Activity: Return the following from the records below: each line, word for word, starting with the line that contains "Discharge Rate 1.4cc" and going on through the line that contains "1pcs 3D ABS", with nothing outside that range.

Input:
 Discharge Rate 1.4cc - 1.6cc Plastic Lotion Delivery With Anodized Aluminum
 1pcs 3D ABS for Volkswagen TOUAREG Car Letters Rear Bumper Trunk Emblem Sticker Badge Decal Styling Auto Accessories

==

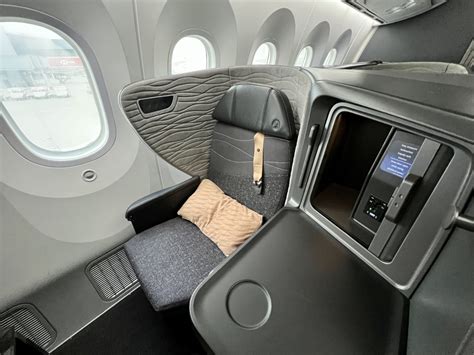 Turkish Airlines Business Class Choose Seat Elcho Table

--

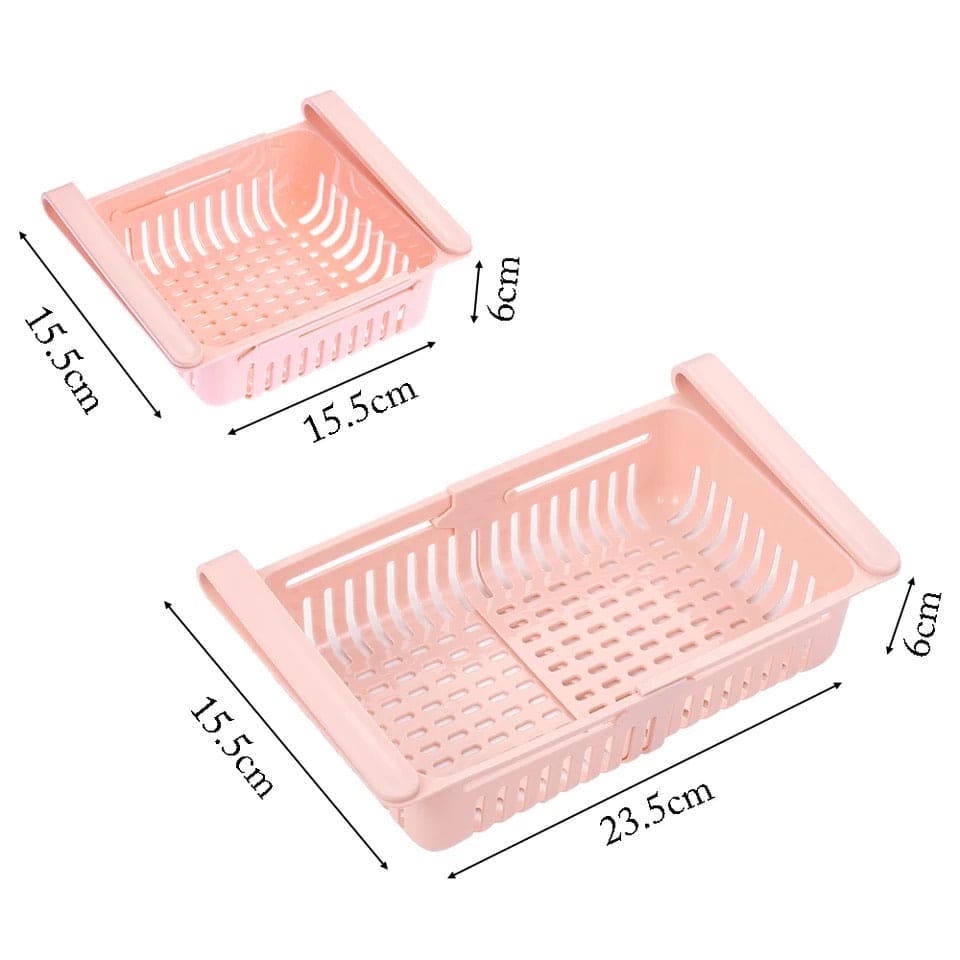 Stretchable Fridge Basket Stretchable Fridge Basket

Task solution:
 Discharge Rate 1.4cc - 1.6cc Plastic Lotion Delivery With Anodized Aluminum
 1pcs 3D ABS for Volkswagen TOUAREG Car Letters Rear Bumper Trunk Emblem Sticker Badge Decal Styling Auto Accessories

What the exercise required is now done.